His upbringing was unusual, even by mid-Victorian standards. In his infancy, his intensely pious parents shunned all except the equally devout of their own kind, the Plymouth Brethren. His mother died when Edmund was seven, and her dying wish was that Edmund become a minister of their religion. His father then devoted himself, ultimately without success, to realising this wish. Gosse's career in literature brought him into friendship with such as Swinburne, than whom Gosse's father could hardly have imagined a more unsuitable acquaintance.
Gosse does clear justice to the affection within his immediate family.

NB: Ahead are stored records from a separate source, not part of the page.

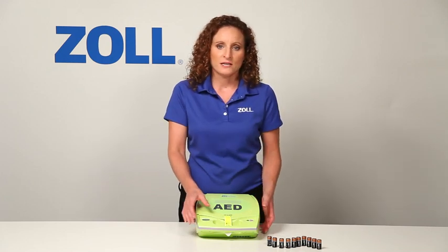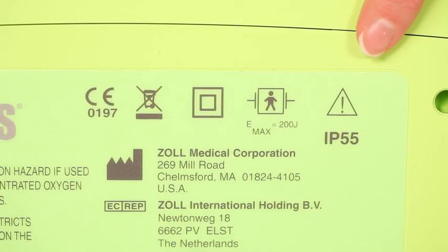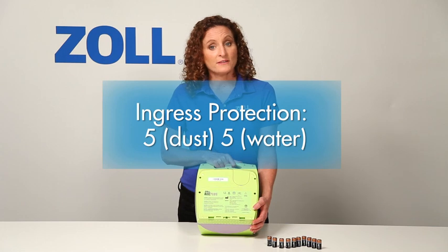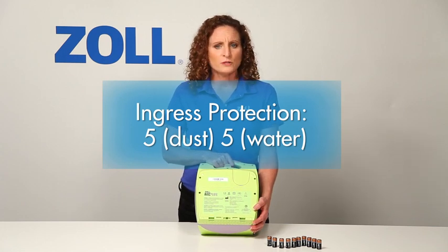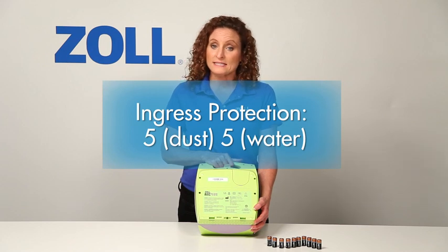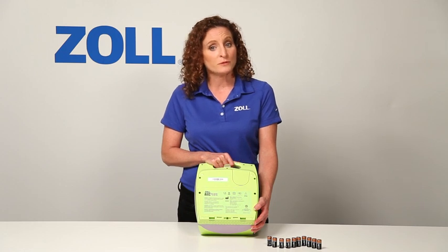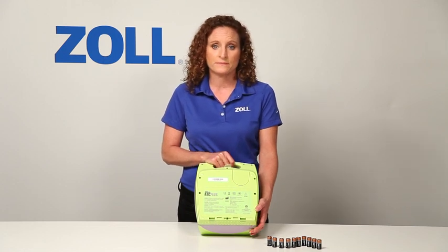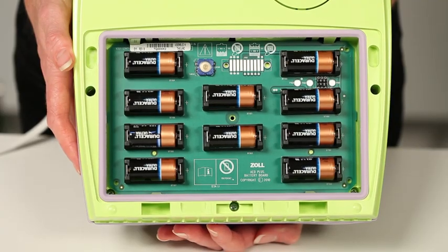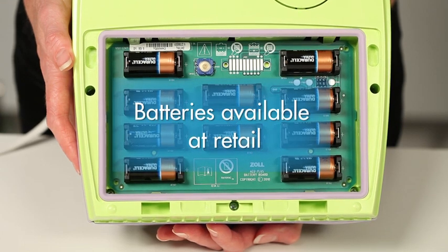Let me review a few other features of the AED Plus. Notice that the door to the battery compartment has IP55 printed on it. The ingress protection rating is 5 for particles, meaning it's protected from dust, and 5 for water, meaning it can withstand spraying jets of water. Very few AEDs on the market today are this well protected against harm from dust and water. The AED Plus is powered by 10 123A lithium batteries, which you can purchase at retail — for example, from any camera store.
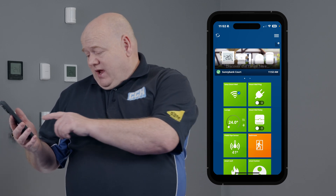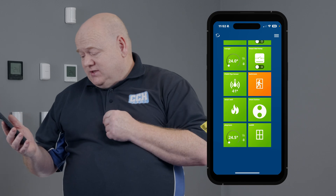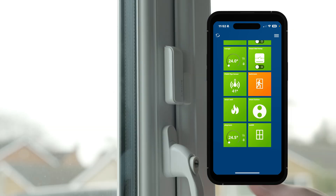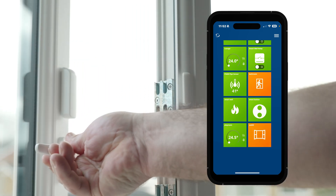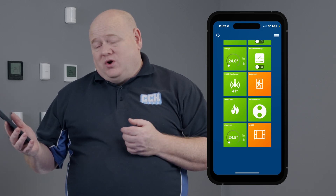Now to test it, we'll go back into the app. We'll scroll up and we can see the window sensor, which is closed at the moment. If we just open the window, we can see it's gone orange, which shows that the window is now open. So now we know that the sensor is working.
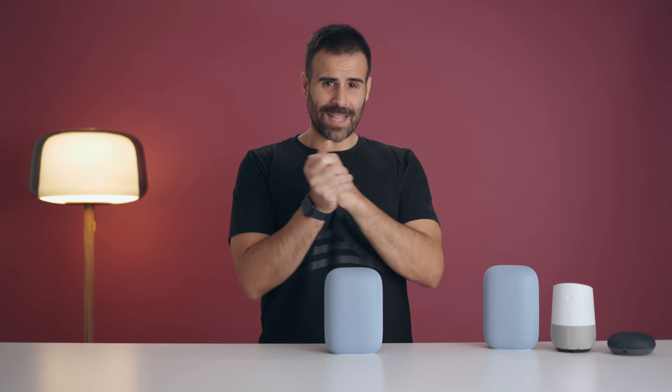That wraps up my review of Google's brand new Nest Audio. Let me know what you guys think in the comments below. If you want to see more speaker reviews, let me know as well. Like the video if you liked it, subscribe if you haven't already, and I'll see you guys in the next video.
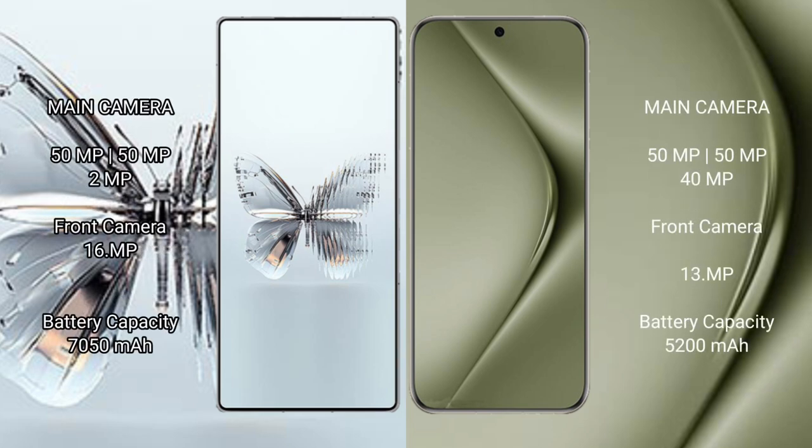Red Magic 10 Pro Plus features a triple rear camera setup. Huawei Pura 70 Ultra also features a triple rear camera setup with 50MP main, 50MP ultrawide, and 40MP periscope telephoto lenses, plus a front camera.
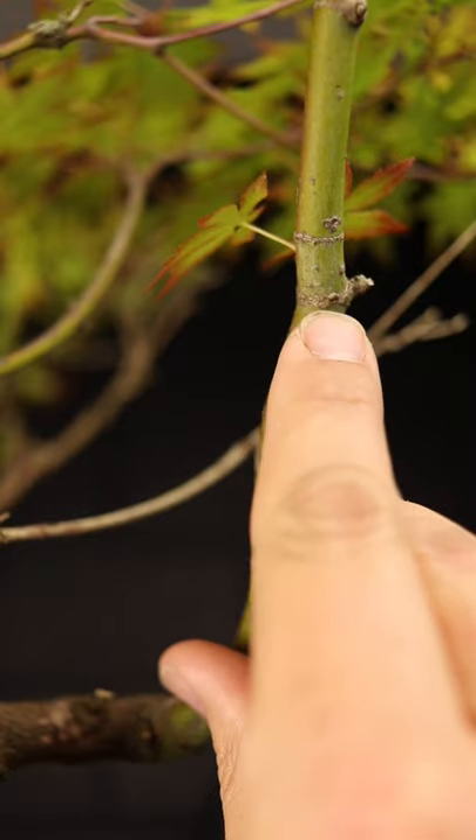Cut above that, perpendicular to the trunk, and it's almost guaranteed to die back only as far as that node — and that's where you get your new buds. The more nodes you've got above the graft, the more likelihood you've got of buds of the grafted variety forming, and then you're going to be much more successful. So leave a big margin of error.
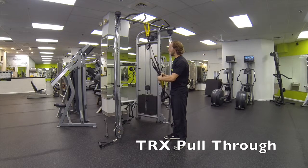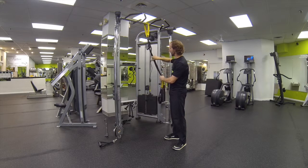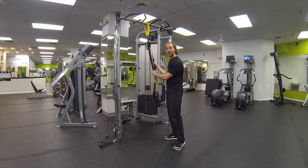TRX pull through. Excellent exercise. It's a very difficult exercise. To make it easier, make the straps shorter; more difficult, make the straps longer.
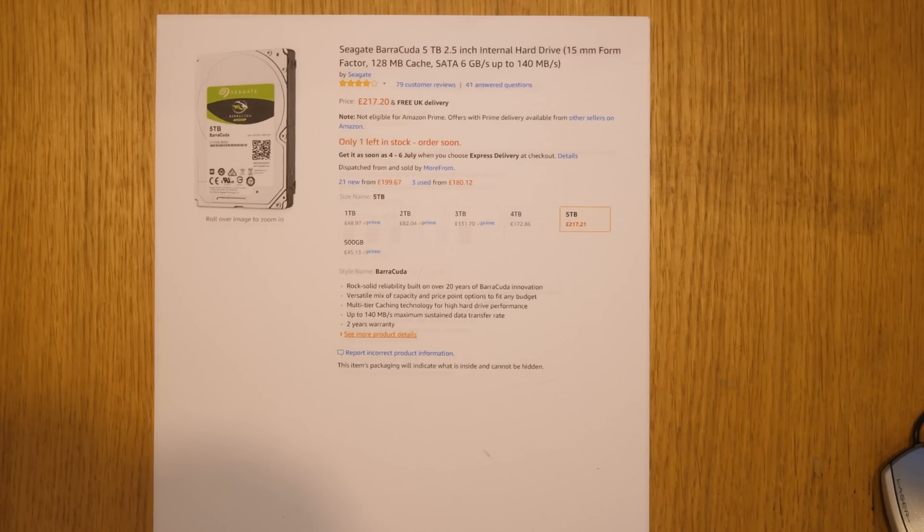Greetings folks. So here's the thing — this is a little bit of a departure from me because I don't normally do much to do with PCs and what have you. So today what I'm going to do is talk about how you can use a two and a half inch disk drive and extract it from an external hard drive case.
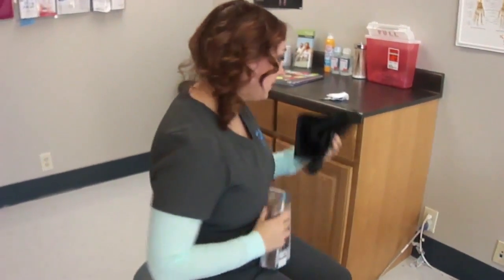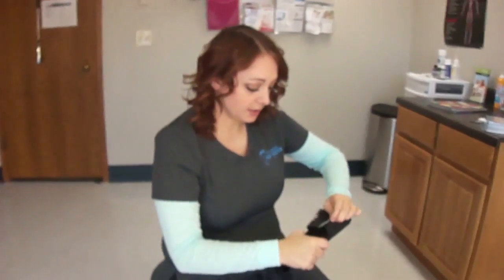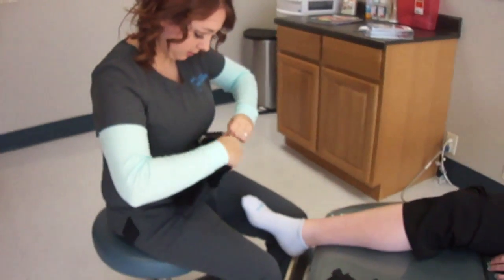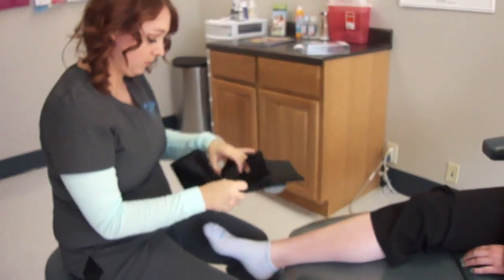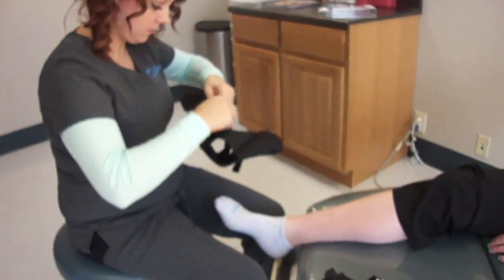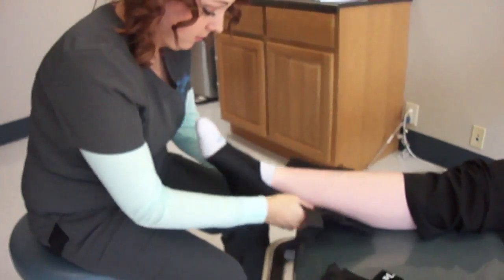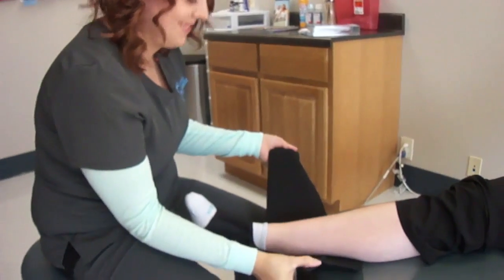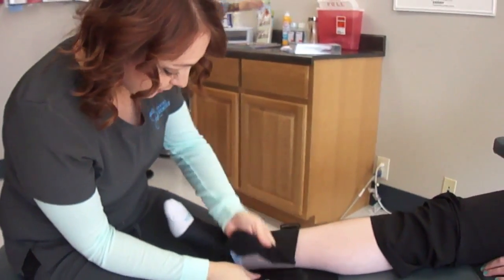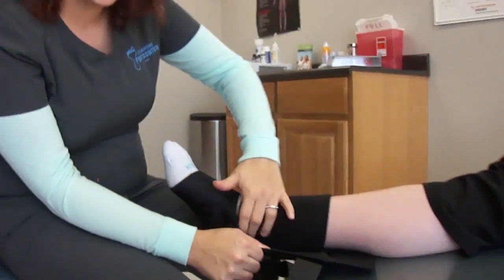It comes with two pieces. This first piece you're going to slip on kind of like a sock. And then this piece here goes around the ankle just to kind of protect that bone there.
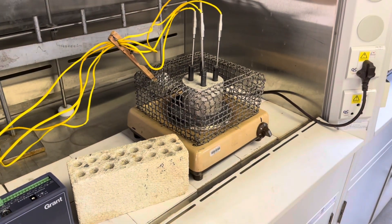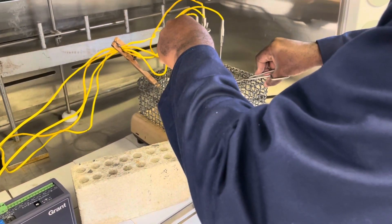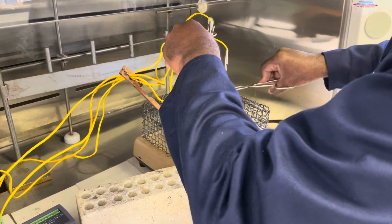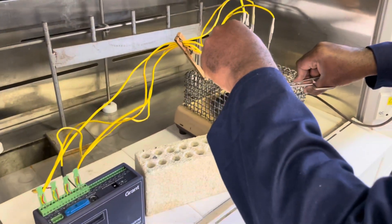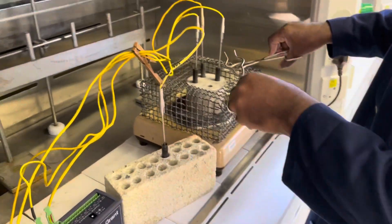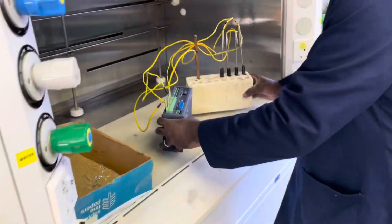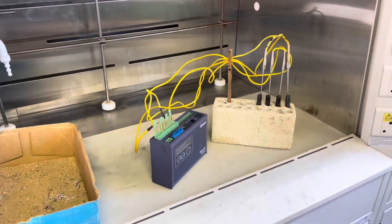Thereafter you will remove the steel test tubes from the heating source using tongs — be extremely careful since everything at this stage will be extremely hot. Place your steel test tubes in the cooling rack. You may move your data logger and cooling rack to a different fume hood to collect the data.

He also presents a balanced view of how far his parents realised their talents. He expresses his respect for their achievements - his mother as an evangelistic writer, and his father as one of the greatest marine biologists of the period. On the other hand, he suggests that their piety may have hampered even greater achievement. He suspects that his mother may have stifled a real talent for writing fiction on purely moral grounds ("because it was not true"), and explains - not without sympathy - how his father opposed Darwin's theory of evolution on purely religious grounds, and lost.
The doubts attaching to Father and Son are not of literary quality, but of accuracy. In the preface, Gosse says that he is writing while his memory is "still perfectly vivid", and that "at only one point has there been any tampering with precise facts". However, Ann Thwaite puts forward a very different view in Glimpses of the Wonderful, her excellent biography of Gosse's father. She quotes Edmund as describing his memory as "like a colander", and she relates several minor and some major events in Father and Son in respect of which Edmund is either remembering inaccurately or is being creative with the truth. The answer probably is - one with which Edmund would probably wryly agree - that there is no absolute truth, only greater or lesser.
The book is not unremitting gloom. There are several anecdotes where Gosse displays his subtle, wicked sense of humour, as seen throughout his career.